Daar komt weinig van terecht als ook NRC na Kerst bij Ambo Anthos aanklopt. In eerste instantie krijgt de journalist van de uitgever toestemming om op dinsdag 18 januari te publiceren, maar als hem ter ore komt dat de Volkskrant dat al op maandag mag, dringt hij erop aan het nieuws óók die dag te kunnen brengen. De marketingmedewerker zwicht en geeft later ook Het Parool toestemming.

12 januari 2022

De betrokkenen komen bijeen op de redactie van Ambo Anthos, waar ze Het verraad van Anne Frank – Het baanbrekende onderzoek van een internationaal coldcaseteam in Nederland voor het eerst in handen nemen. Een schrijfproject dat een jaar had moeten duren, is na drie jaar afgerond. Maar in plaats van champagne en blijdschap is er koffie en angst.
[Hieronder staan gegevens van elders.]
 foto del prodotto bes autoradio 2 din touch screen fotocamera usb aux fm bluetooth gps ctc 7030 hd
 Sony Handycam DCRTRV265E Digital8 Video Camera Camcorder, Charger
De sfeer is ongemakkelijk: tussen de oude vrienden Bayens en Van Twisk botert het niet meer door hun onderlinge meningsverschillen. En tussen het CCT en Ambo Anthos is de sfeer door het juridische getouwtrek evenmin harmonieus. Bovendien vrezen de aanwezigen de reacties op de explosieve inhoud van Het verraad van Anne Frank.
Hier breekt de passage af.